FlowLoss: Dynamic Flow-Conditioned Loss Strategy for Video Diffusion Models
This work addresses motion coherence issues in video generation for robotics applications, offering incremental improvements over existing flow supervision methods.
The paper tackled the problem of temporally incoherent motion in Video Diffusion Models by proposing FlowLoss, a dynamic flow-conditioned loss strategy that directly compares flow fields and uses a noise-aware weighting scheme, resulting in improved motion stability and faster convergence in early training stages.

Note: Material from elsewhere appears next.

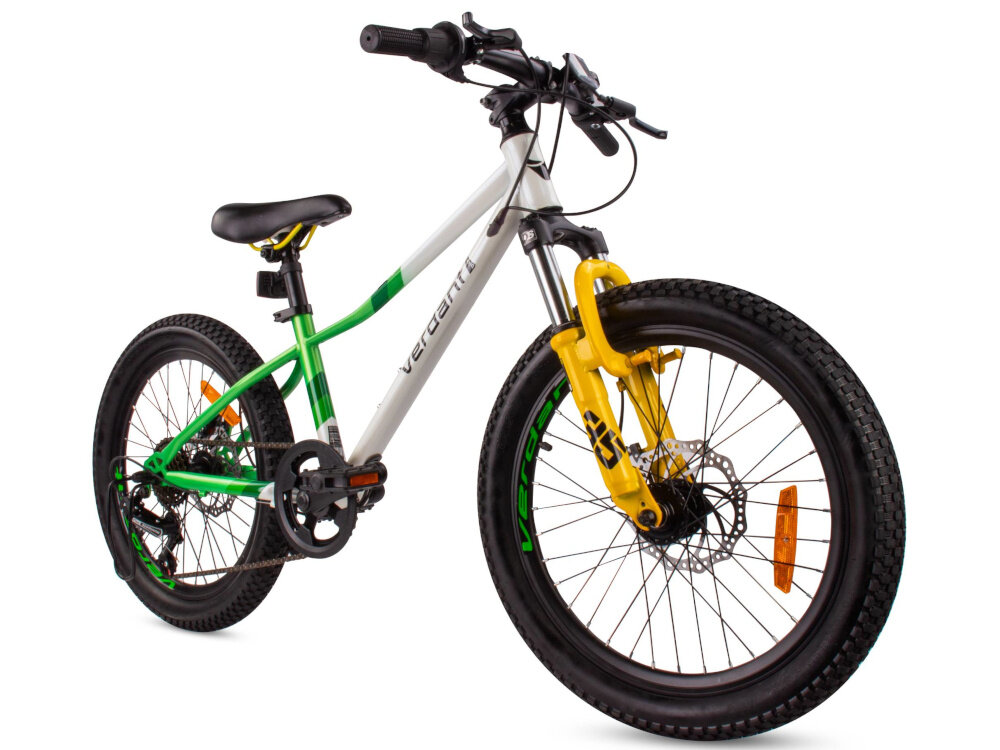 Rower dziecięcy SUN BABY Verdant Calix 20 dla chłopca Biało-zielono-żółty rower widoczny od przodu pod skosem zdjęcie na białym tle dla dzieci w wieku od 5 do 8 lat o maksymalnej wadze do 50 kg trwałość wytrzymałość mocna konstrukcja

Video Diffusion Models (VDMs) can generate high-quality videos, but often struggle with producing temporally coherent motion. Optical flow supervision is a promising approach to address this, with prior works commonly employing warping-based strategies that avoid explicit flow matching. In this work, we explore an alternative formulation, FlowLoss, which directly compares flow fields extracted from generated and ground-truth videos. To account for the unreliability of flow estimation under high-noise conditions in diffusion, we propose a noise-aware weighting scheme that modulates the flow loss across denoising steps. Experiments on robotic video datasets suggest that FlowLoss improves motion stability and accelerates convergence in early training stages. Our findings offer practical insights for incorporating motion-based supervision into noise-conditioned generative models.